▶ SOURCE MATERIAL:
● ● ● ● ● ● ●

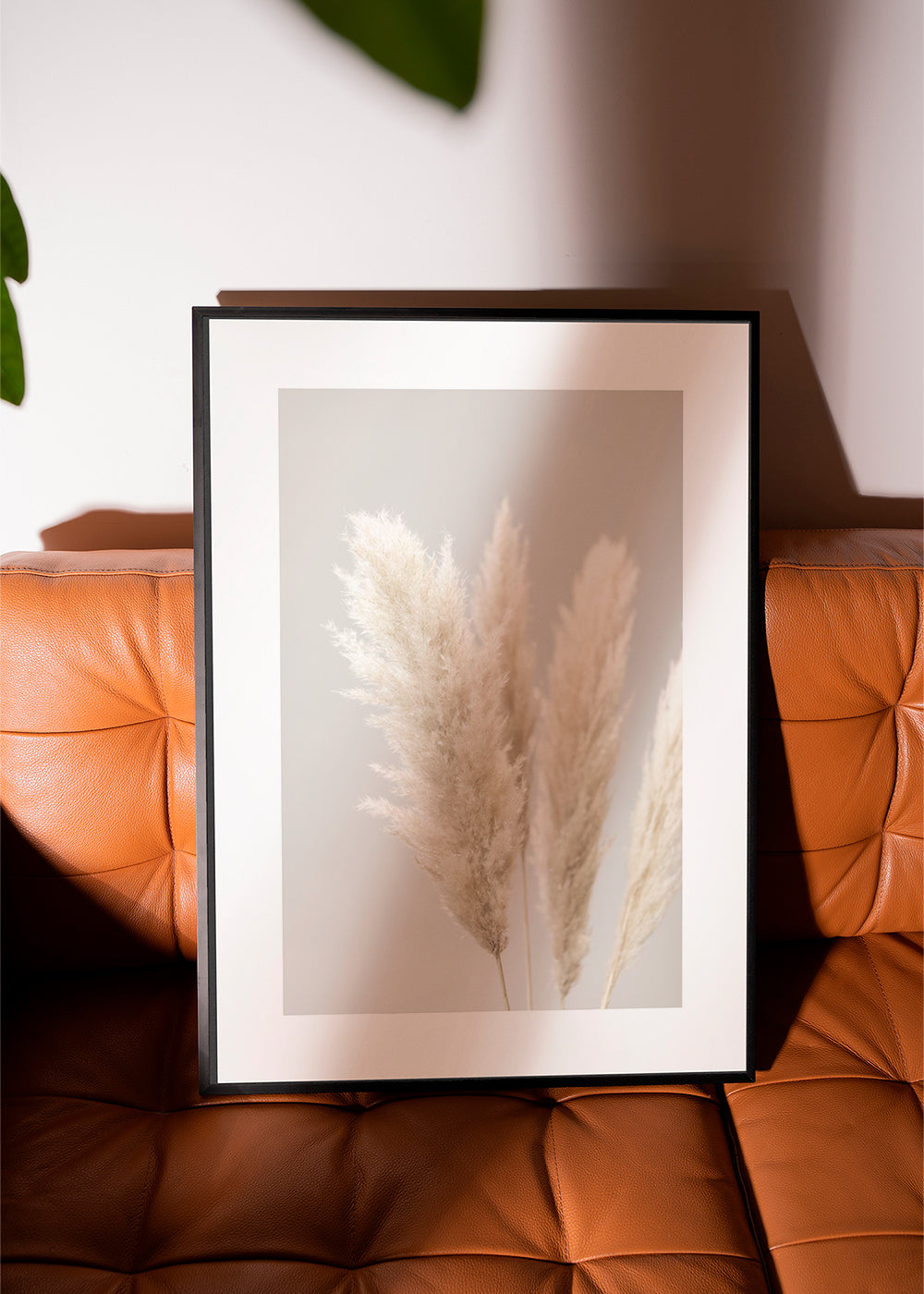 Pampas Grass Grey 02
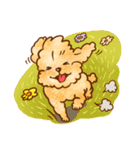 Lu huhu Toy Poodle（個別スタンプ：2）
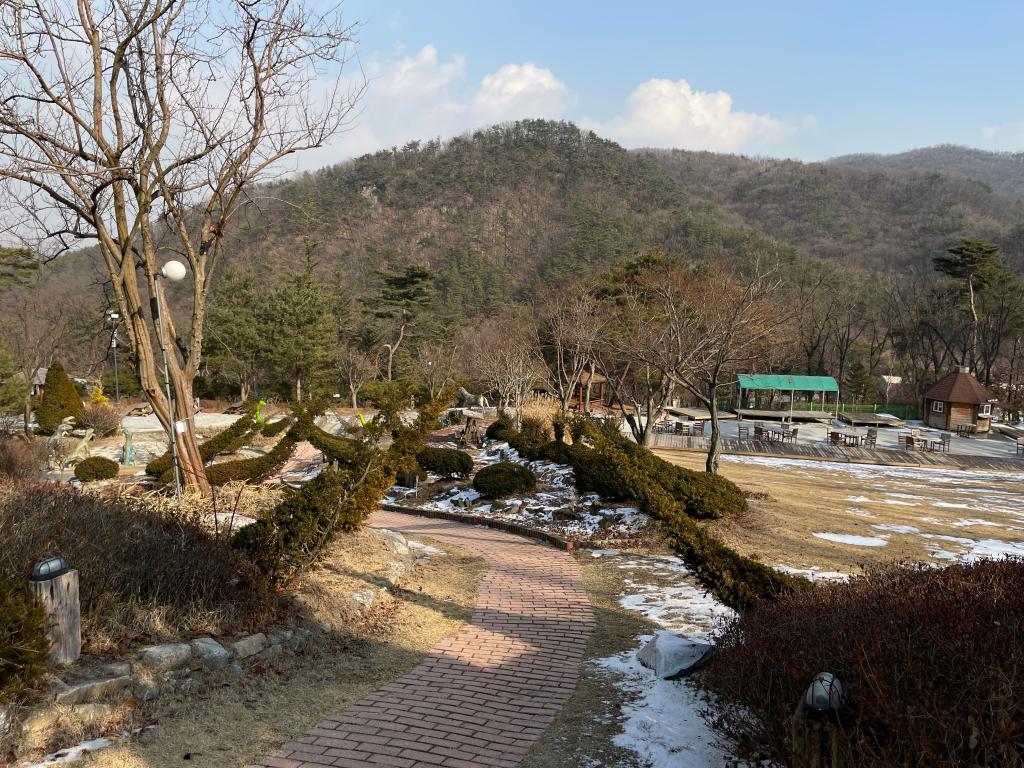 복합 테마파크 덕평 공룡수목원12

● ● ● ● ● ● ●

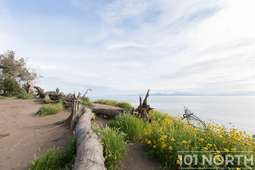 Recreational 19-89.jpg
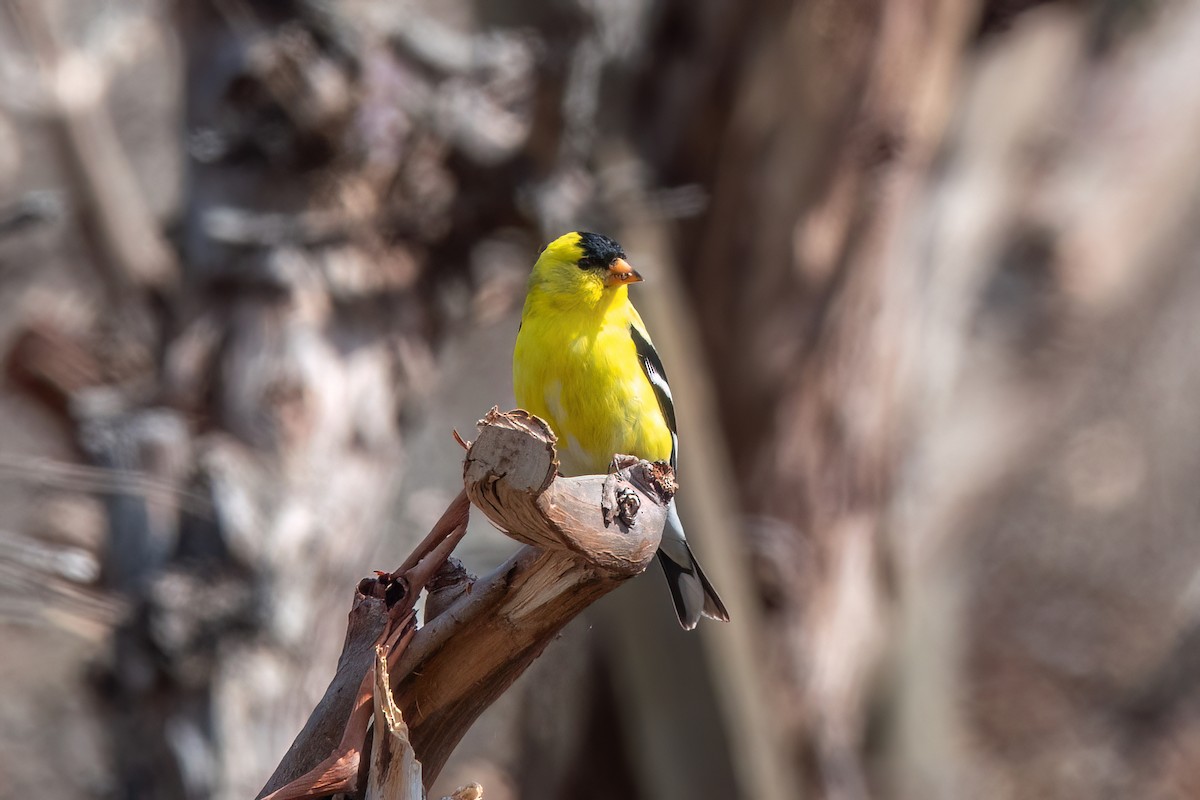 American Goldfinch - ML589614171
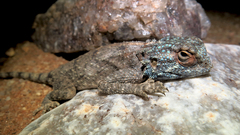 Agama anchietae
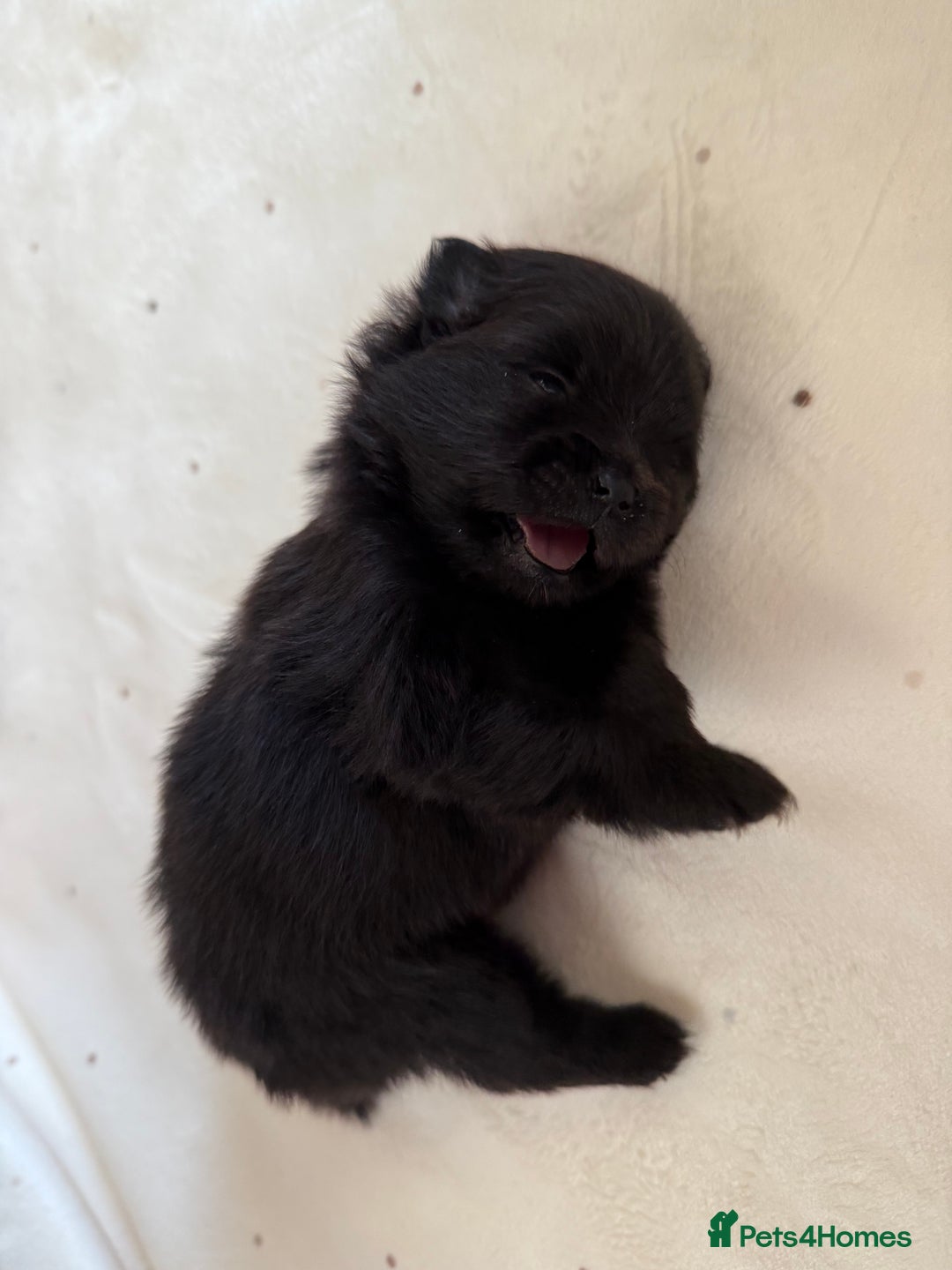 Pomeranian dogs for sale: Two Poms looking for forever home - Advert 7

● ● ● ● ● ● ●

▶ AIM OF THE TASK: Copy out the listing above from the line containing "Recreational 19-89.jpg" to the line containing "Pomeranian dogs for", both included, exactly as written and minus the images.

▶ RESULT OF THE TASK:
 Recreational 19-89.jpg
 American Goldfinch - ML589614171
 Agama anchietae
 Pomeranian dogs for sale: Two Poms looking for forever home - Advert 7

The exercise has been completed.